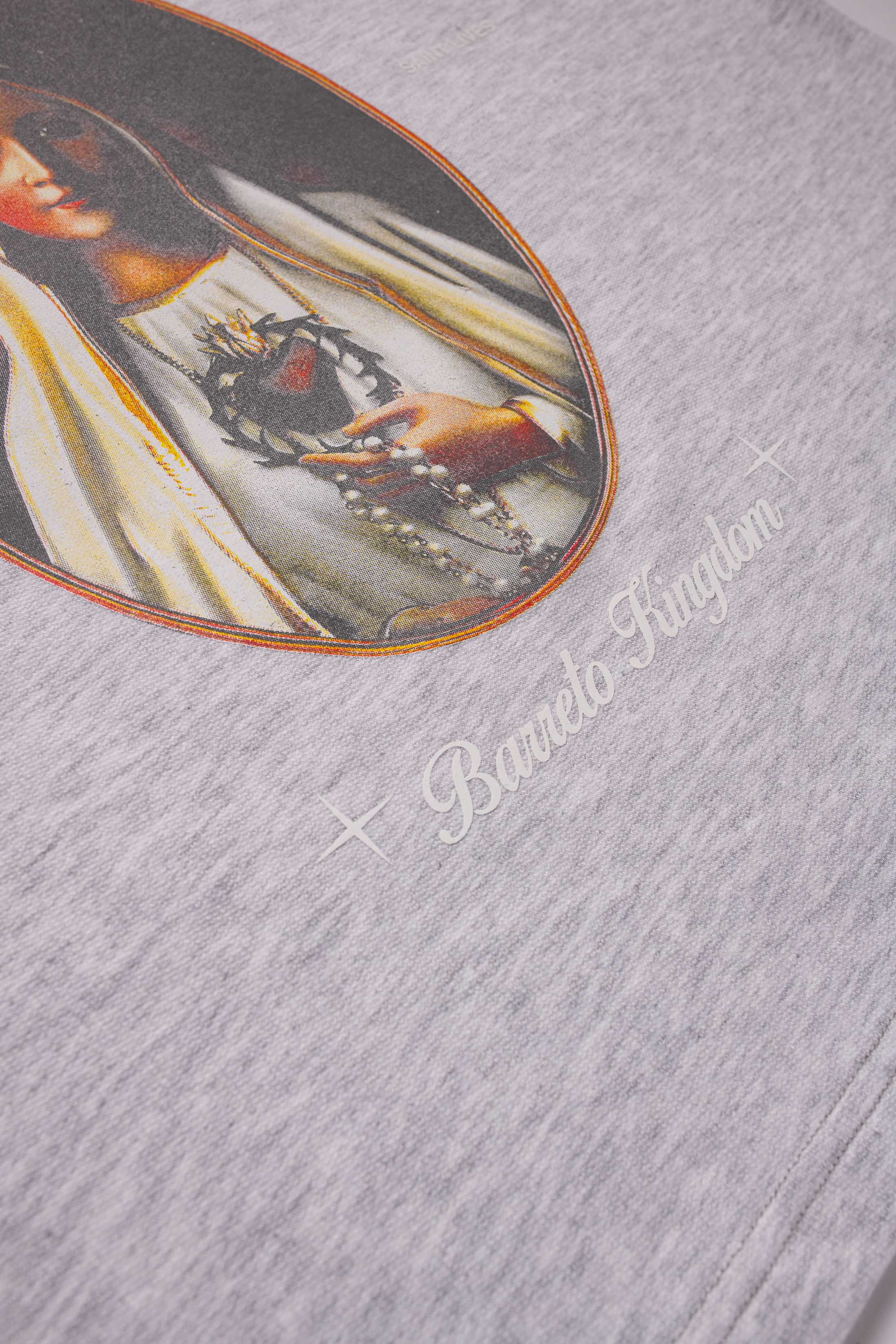 T-shirt Heart of Mary (Premium)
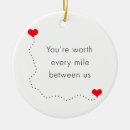 Search for long distance christmas tree decorations For her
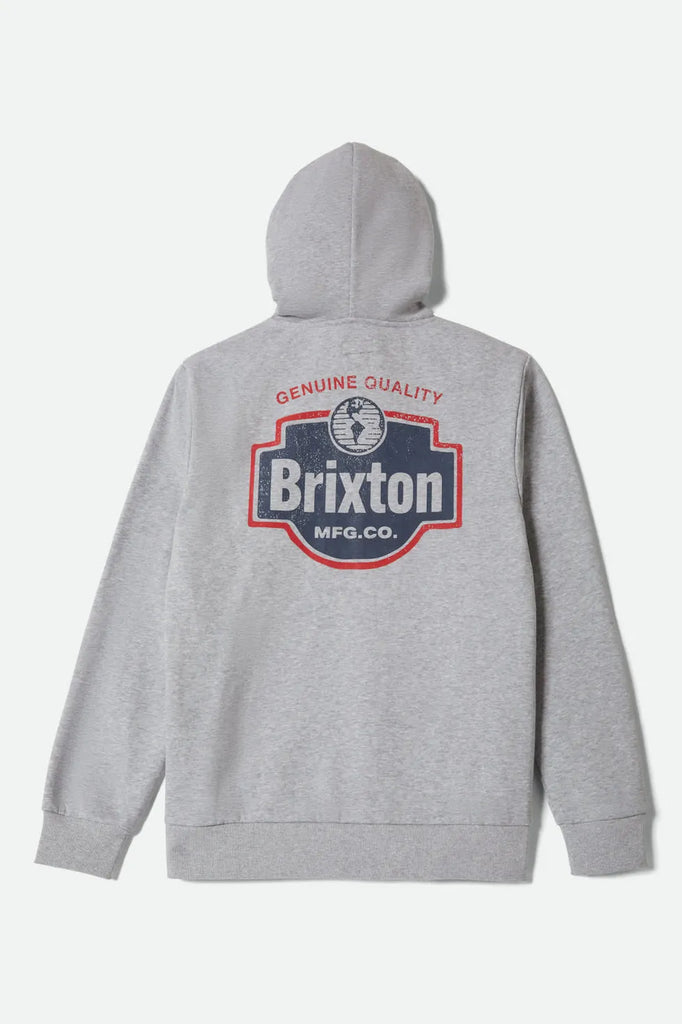 Brixton Mens Sweatshirt Genuine Quality Hoodie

::::::::::

WHAT YOU HAVE TO DO:
Write out the material above exactly. Skip the pictures.

PROBLEM SOLUTION:
 T-shirt Heart of Mary (Premium)
 Search for long distance christmas tree decorations For her
 Brixton Mens Sweatshirt Genuine Quality Hoodie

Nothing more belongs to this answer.